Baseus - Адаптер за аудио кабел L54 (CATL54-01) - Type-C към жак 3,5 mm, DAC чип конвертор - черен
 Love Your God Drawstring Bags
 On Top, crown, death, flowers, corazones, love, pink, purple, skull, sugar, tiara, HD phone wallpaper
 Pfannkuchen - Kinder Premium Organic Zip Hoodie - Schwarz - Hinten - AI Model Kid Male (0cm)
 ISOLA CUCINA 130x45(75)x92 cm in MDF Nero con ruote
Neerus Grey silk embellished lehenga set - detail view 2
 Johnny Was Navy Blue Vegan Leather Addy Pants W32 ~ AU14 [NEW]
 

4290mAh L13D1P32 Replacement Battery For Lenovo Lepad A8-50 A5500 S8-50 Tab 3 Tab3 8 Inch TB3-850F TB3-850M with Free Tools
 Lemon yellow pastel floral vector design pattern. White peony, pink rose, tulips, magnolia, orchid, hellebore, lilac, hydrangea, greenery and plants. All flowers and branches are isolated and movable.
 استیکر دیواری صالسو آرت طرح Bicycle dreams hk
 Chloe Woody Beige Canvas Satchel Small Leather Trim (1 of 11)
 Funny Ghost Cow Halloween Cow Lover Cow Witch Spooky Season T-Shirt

--*--

Lines from the one containing "Lemon yellow pastel" through the last line of the listing are to be restated word for word; no other line may appear.

 Lemon yellow pastel floral vector design pattern. White peony, pink rose, tulips, magnolia, orchid, hellebore, lilac, hydrangea, greenery and plants. All flowers and branches are isolated and movable.
 استیکر دیواری صالسو آرت طرح Bicycle dreams hk
 Chloe Woody Beige Canvas Satchel Small Leather Trim (1 of 11)
 Funny Ghost Cow Halloween Cow Lover Cow Witch Spooky Season T-Shirt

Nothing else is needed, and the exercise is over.